Records provided START

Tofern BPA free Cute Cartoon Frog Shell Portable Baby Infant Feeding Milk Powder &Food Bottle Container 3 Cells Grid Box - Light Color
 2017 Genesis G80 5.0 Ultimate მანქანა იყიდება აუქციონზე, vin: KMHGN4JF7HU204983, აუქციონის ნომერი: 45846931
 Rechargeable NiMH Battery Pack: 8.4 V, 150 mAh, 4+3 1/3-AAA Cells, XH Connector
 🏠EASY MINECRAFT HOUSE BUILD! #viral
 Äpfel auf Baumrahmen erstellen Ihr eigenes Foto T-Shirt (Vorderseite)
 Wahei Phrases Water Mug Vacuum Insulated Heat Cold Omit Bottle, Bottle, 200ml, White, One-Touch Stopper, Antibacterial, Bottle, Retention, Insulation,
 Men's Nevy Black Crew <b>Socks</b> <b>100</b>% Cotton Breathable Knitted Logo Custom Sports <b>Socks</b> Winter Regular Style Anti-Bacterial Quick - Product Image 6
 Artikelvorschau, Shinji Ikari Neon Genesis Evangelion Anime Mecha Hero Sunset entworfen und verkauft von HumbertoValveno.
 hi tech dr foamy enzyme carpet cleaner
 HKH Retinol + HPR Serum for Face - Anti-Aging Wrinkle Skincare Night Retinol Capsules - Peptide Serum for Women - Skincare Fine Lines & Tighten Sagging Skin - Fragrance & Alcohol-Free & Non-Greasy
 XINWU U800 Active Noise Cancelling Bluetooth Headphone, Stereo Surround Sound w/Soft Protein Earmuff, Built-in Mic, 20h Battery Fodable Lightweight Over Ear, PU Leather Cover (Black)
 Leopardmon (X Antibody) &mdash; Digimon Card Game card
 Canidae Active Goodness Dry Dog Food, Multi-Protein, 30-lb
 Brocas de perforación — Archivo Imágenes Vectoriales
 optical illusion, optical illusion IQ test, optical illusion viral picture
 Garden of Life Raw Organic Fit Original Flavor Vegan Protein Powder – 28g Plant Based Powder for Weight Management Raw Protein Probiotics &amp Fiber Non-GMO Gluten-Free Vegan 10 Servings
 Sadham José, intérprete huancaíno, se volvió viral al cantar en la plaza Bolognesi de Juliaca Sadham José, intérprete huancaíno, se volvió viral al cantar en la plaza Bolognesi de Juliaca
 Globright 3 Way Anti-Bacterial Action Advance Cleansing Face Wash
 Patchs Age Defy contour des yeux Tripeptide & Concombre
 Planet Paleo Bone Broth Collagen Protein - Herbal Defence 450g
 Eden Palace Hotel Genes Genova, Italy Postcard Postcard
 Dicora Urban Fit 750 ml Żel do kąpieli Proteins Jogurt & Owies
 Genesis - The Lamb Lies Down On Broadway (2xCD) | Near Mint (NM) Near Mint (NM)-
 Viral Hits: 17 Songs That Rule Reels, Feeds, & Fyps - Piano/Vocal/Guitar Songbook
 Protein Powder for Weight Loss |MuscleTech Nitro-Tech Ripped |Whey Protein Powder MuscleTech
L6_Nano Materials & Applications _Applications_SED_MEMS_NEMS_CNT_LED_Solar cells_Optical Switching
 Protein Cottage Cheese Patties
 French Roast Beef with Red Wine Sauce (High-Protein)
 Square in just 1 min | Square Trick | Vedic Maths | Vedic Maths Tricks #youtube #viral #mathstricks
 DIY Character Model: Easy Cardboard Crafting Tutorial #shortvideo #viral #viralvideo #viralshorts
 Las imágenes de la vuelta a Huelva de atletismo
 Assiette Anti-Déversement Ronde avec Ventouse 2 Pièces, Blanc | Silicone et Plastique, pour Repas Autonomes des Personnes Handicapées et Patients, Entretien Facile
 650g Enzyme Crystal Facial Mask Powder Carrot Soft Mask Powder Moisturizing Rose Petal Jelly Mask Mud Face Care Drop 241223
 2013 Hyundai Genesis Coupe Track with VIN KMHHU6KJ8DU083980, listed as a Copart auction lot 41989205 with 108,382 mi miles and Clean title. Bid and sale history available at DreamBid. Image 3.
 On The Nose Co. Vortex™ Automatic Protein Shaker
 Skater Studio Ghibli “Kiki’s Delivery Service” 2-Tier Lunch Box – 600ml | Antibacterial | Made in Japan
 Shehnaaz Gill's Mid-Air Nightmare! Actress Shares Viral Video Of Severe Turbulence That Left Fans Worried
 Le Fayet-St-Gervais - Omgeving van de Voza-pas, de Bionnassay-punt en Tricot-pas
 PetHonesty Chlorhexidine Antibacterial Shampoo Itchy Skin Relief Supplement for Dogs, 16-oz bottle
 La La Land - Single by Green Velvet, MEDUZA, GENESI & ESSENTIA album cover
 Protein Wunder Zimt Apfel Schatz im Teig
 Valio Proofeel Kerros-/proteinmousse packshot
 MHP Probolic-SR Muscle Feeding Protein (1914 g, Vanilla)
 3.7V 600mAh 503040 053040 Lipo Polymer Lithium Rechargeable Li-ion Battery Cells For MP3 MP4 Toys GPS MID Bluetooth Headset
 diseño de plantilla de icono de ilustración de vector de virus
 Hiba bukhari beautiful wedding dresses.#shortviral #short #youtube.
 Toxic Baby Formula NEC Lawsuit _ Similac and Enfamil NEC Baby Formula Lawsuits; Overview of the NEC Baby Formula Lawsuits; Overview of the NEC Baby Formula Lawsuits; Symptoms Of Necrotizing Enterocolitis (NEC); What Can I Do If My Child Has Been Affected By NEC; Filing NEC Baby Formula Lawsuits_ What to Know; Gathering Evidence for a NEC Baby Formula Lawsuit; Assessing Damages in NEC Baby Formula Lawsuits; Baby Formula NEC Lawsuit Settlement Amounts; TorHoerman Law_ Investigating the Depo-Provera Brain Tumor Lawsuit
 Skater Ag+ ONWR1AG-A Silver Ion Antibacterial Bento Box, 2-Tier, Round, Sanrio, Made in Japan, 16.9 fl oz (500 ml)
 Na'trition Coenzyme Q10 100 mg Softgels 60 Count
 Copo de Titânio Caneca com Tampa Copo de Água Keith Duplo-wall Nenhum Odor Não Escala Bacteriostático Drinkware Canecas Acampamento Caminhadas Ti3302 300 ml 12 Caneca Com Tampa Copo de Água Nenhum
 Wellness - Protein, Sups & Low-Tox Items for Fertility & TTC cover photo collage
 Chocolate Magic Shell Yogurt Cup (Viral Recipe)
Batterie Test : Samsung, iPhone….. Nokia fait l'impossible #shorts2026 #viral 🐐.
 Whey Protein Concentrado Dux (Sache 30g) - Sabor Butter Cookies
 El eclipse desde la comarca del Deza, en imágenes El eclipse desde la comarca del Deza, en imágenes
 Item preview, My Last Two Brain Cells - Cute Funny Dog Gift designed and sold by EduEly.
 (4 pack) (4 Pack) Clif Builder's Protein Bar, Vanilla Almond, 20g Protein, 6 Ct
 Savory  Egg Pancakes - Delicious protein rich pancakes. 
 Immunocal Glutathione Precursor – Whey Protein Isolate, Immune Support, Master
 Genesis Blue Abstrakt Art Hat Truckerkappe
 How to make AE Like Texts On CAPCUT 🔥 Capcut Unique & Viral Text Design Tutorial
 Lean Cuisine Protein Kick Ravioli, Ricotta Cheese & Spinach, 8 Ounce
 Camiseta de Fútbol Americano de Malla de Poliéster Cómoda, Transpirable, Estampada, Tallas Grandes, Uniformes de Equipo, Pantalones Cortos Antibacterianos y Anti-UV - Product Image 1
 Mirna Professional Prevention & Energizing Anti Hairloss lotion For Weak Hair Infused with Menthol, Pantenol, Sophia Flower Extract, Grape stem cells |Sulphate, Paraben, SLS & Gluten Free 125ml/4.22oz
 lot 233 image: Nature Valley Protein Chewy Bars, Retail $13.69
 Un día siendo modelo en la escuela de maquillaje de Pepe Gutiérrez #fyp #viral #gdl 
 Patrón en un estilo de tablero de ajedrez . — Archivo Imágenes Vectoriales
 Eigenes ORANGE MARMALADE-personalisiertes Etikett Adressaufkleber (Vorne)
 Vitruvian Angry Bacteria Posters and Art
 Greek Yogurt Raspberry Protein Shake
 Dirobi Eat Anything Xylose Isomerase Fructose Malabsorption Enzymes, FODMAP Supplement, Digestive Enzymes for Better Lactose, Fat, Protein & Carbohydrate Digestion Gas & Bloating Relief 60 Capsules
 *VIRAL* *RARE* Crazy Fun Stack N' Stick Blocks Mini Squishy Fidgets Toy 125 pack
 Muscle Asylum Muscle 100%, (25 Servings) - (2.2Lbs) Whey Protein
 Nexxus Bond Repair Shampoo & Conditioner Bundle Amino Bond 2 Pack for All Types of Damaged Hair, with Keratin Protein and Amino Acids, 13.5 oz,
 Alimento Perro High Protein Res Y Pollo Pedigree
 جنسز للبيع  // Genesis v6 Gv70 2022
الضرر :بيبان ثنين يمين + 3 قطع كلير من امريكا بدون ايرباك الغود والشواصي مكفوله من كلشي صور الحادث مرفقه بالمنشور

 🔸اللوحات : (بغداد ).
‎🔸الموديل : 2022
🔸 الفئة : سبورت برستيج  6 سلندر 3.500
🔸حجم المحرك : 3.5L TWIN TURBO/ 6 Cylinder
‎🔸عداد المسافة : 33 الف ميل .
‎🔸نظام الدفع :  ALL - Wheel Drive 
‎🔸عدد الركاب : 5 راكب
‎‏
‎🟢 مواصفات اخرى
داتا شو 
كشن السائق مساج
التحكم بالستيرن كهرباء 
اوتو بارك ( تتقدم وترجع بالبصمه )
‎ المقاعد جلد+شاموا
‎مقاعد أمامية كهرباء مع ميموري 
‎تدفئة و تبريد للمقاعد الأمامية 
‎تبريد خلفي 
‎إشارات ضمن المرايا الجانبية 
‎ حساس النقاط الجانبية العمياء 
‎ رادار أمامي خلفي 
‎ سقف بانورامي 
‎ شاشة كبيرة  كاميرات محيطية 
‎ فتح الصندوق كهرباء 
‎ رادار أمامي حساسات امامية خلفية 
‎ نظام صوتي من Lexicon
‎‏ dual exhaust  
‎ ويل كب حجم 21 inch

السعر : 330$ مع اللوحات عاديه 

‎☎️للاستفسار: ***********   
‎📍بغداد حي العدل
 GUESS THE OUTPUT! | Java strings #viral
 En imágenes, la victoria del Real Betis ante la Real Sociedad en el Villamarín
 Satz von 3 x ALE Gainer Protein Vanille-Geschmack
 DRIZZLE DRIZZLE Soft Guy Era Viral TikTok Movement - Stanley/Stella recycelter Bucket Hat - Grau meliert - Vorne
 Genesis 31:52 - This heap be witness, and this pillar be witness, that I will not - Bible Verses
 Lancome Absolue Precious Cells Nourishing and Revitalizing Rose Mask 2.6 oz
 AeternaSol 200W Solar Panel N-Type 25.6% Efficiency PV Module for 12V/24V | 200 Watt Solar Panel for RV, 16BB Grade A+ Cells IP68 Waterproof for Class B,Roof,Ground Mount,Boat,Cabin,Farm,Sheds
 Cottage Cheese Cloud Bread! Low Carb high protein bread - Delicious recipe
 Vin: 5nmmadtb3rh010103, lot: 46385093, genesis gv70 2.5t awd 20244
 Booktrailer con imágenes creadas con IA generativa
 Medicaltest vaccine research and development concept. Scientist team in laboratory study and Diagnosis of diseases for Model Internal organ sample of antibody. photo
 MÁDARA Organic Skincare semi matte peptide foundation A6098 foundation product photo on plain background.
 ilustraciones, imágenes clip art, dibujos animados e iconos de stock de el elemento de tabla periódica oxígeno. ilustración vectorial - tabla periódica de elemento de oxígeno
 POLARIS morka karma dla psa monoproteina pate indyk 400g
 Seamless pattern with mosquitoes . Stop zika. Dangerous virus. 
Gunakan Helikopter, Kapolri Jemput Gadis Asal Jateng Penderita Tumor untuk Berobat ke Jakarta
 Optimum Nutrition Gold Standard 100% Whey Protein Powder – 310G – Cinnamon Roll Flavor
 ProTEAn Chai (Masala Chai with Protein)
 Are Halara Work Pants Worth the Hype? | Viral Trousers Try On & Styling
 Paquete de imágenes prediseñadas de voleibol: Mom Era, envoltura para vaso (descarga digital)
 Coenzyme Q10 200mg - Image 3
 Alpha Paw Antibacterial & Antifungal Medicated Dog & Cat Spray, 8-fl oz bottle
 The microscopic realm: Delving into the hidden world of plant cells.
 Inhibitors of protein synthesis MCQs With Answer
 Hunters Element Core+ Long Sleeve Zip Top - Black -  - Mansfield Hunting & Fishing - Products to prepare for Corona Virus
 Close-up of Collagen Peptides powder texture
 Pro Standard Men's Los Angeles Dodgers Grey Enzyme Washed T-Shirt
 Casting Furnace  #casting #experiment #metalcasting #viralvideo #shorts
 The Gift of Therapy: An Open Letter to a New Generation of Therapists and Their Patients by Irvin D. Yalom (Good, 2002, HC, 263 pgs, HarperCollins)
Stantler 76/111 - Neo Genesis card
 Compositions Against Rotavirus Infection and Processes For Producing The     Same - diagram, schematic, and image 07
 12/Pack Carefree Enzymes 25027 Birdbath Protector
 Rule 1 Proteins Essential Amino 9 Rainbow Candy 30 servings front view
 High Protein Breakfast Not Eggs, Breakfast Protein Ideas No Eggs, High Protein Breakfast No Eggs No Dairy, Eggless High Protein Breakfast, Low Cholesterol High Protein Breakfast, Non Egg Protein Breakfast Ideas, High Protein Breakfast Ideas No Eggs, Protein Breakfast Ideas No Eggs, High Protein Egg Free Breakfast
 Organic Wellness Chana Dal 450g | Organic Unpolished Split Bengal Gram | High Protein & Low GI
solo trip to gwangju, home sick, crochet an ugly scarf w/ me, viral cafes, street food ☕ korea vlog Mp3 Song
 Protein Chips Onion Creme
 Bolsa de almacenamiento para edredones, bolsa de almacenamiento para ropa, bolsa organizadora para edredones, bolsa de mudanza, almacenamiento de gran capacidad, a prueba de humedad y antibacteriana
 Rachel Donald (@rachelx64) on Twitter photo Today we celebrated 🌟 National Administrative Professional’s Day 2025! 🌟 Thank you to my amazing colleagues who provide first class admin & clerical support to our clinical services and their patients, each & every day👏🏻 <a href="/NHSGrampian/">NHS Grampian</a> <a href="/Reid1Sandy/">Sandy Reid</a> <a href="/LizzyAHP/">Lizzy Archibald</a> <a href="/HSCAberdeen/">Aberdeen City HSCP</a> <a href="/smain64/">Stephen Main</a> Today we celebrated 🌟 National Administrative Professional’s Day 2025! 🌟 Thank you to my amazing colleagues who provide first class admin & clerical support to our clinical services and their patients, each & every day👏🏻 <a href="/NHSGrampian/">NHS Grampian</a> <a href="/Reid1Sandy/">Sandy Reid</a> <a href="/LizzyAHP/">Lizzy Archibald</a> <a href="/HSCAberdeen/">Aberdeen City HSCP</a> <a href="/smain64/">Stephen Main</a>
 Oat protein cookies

Records provided END

## Work item
Out of the preceding entries, pull each line that contains the word "Bluetooth".

## Output for this task
 XINWU U800 Active Noise Cancelling Bluetooth Headphone, Stereo Surround Sound w/Soft Protein Earmuff, Built-in Mic, 20h Battery Fodable Lightweight Over Ear, PU Leather Cover (Black)
 3.7V 600mAh 503040 053040 Lipo Polymer Lithium Rechargeable Li-ion Battery Cells For MP3 MP4 Toys GPS MID Bluetooth Headset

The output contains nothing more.